> [Stored data]:
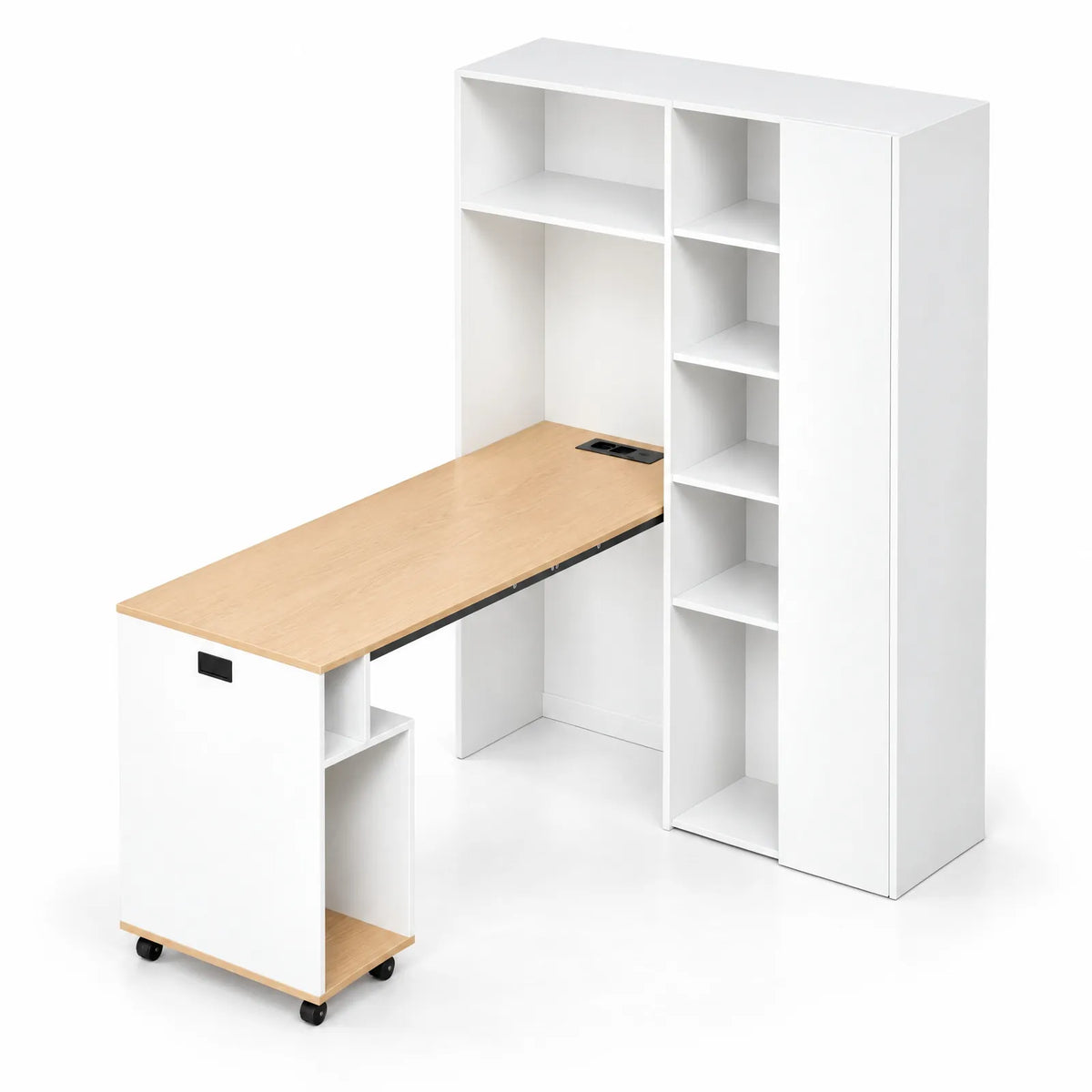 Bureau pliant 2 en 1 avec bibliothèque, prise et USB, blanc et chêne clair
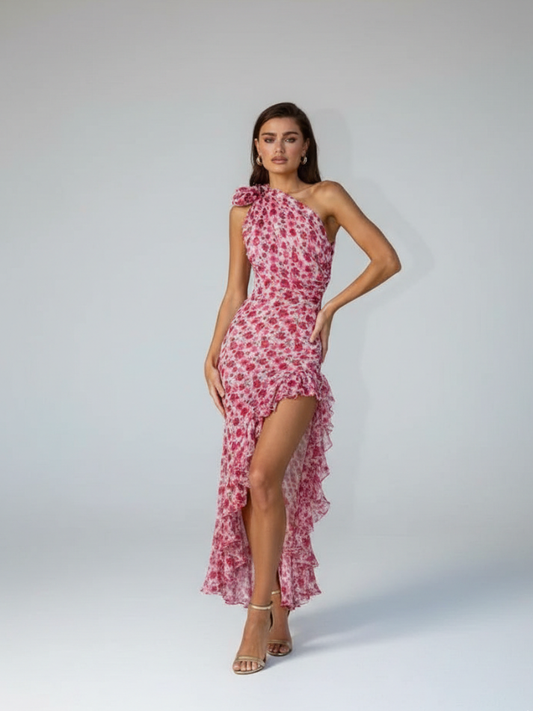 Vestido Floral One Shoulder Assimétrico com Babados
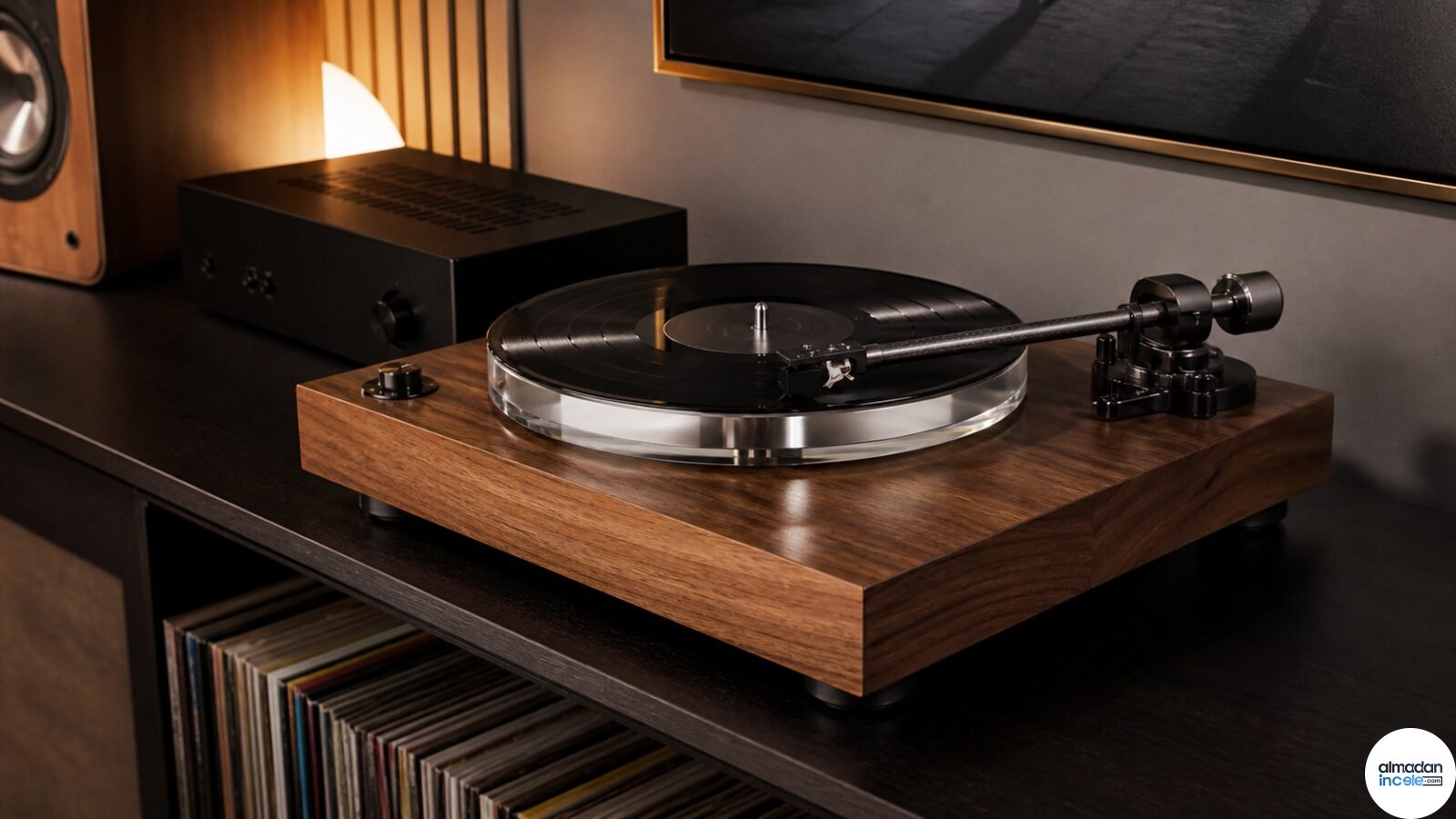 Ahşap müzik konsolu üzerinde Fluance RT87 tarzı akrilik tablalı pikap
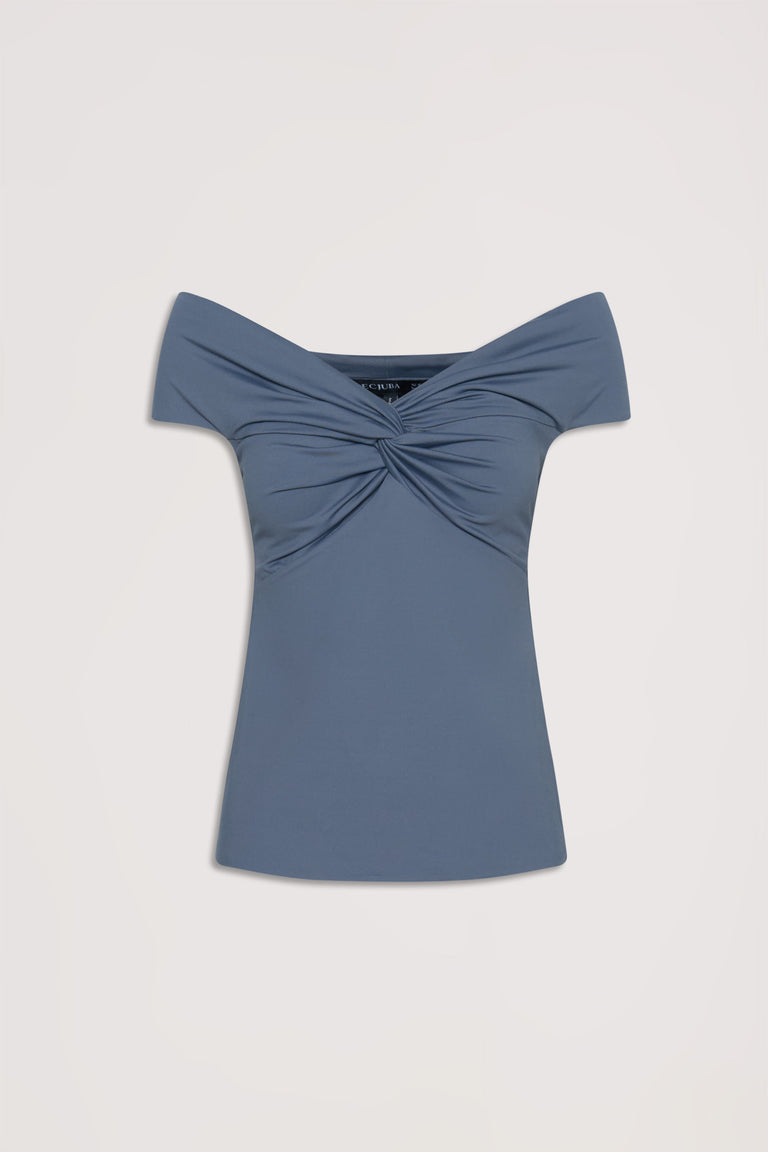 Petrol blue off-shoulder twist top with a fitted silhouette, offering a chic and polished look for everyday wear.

> [The problem]: Take the listing and print it again exactly, but without any pictures.

> [Reply to the task]:
 Bureau pliant 2 en 1 avec bibliothèque, prise et USB, blanc et chêne clair
 Vestido Floral One Shoulder Assimétrico com Babados
 Ahşap müzik konsolu üzerinde Fluance RT87 tarzı akrilik tablalı pikap
 Petrol blue off-shoulder twist top with a fitted silhouette, offering a chic and polished look for everyday wear.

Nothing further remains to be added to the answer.